→ **PROVIDED MATERIAL**
=== Begin Enclosure ===

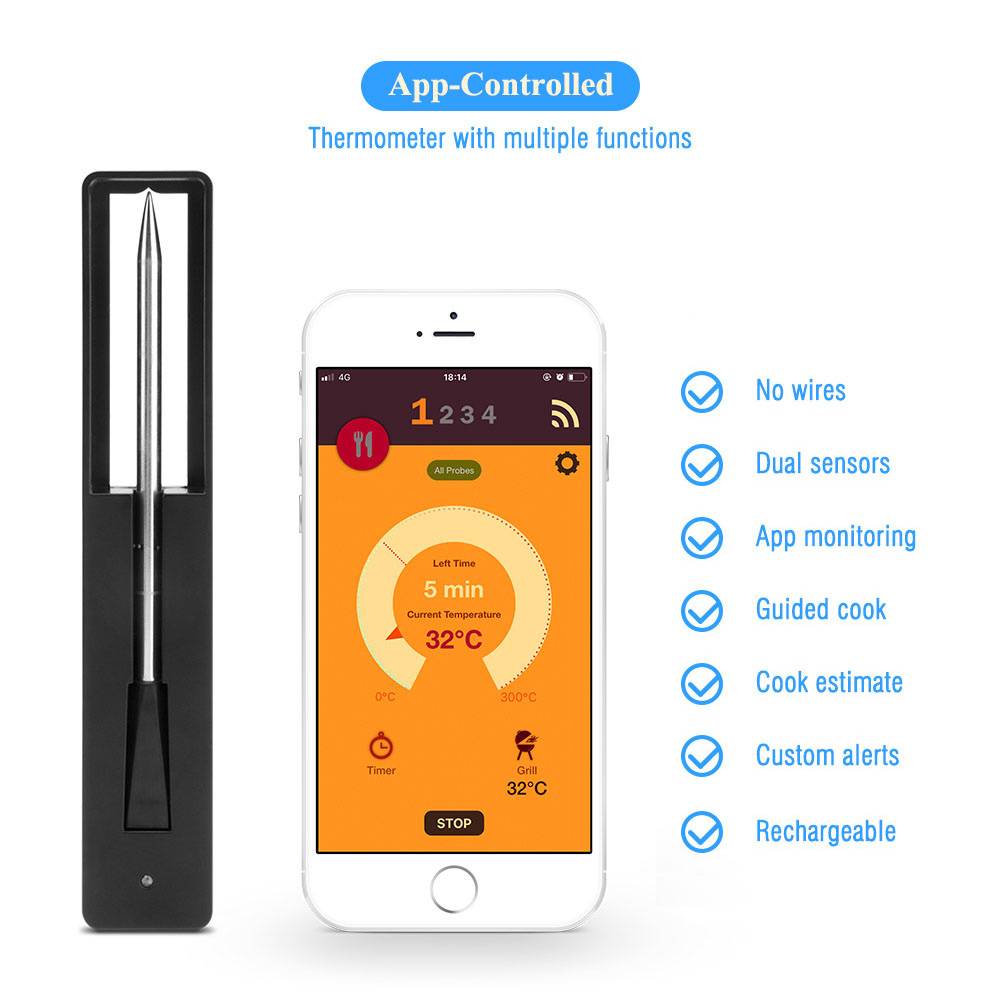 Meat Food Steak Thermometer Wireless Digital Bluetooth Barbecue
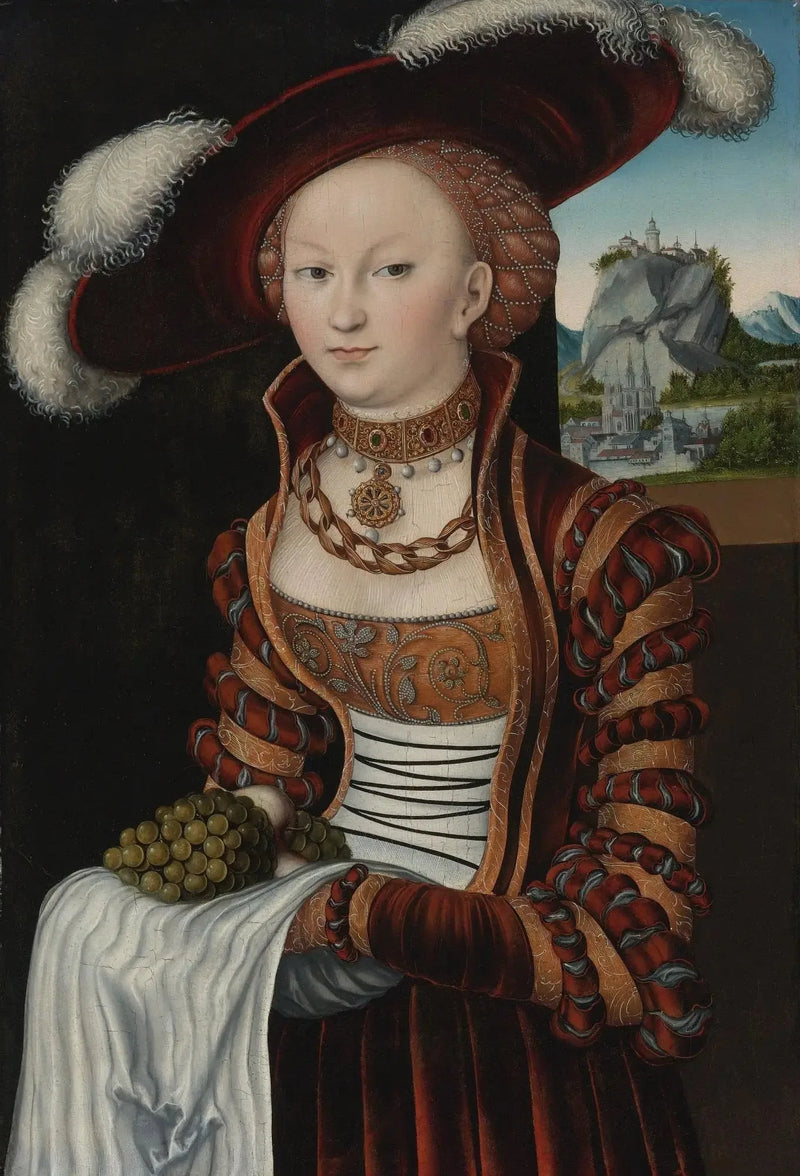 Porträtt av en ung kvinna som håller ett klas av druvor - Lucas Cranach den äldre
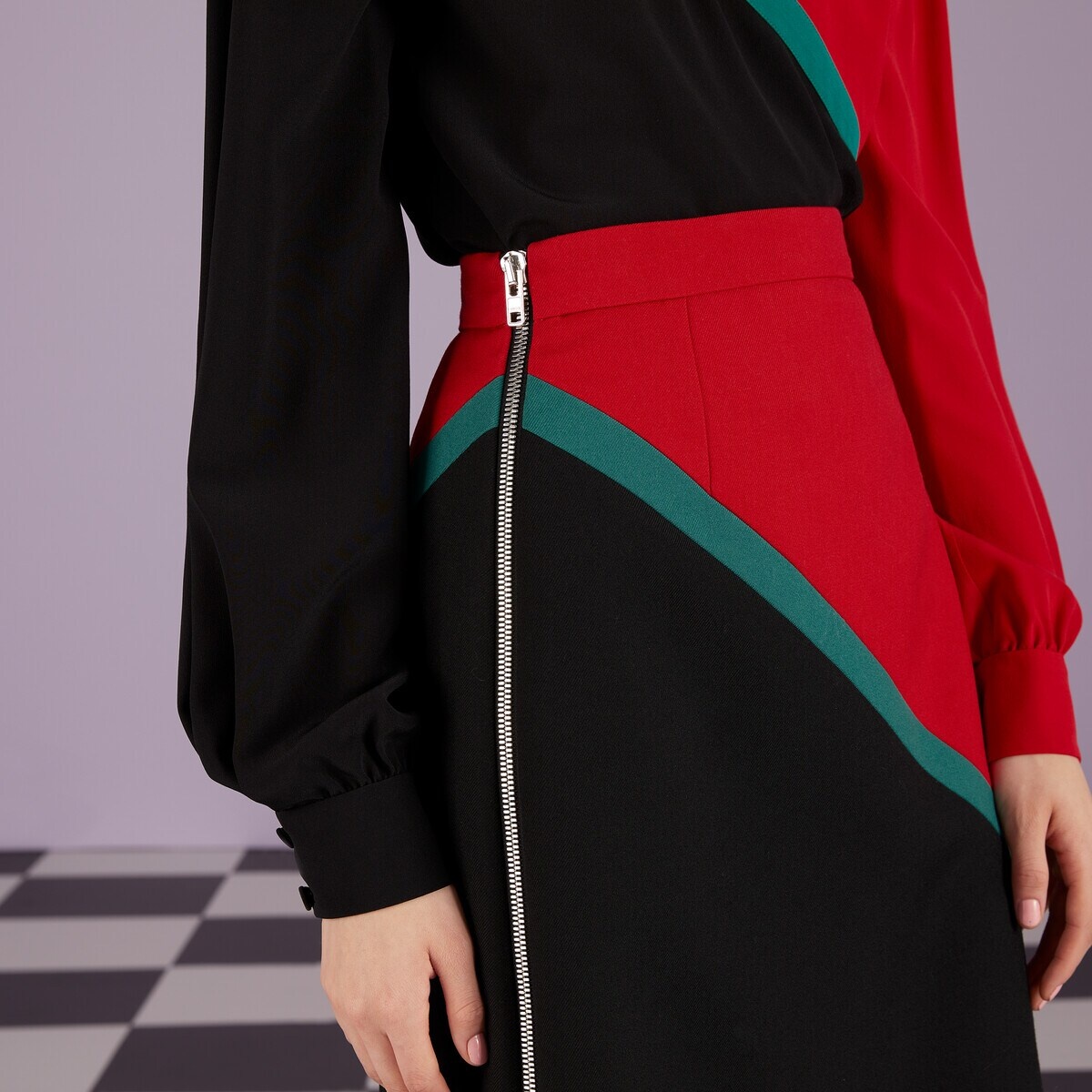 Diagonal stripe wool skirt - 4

=== End Enclosure ===

→ **TASK DETAILS**
This task asks for the data above repeated exactly, without a single picture.

→ **WRITTEN REPLY**
 Meat Food Steak Thermometer Wireless Digital Bluetooth Barbecue
 Porträtt av en ung kvinna som håller ett klas av druvor - Lucas Cranach den äldre
 Diagonal stripe wool skirt - 4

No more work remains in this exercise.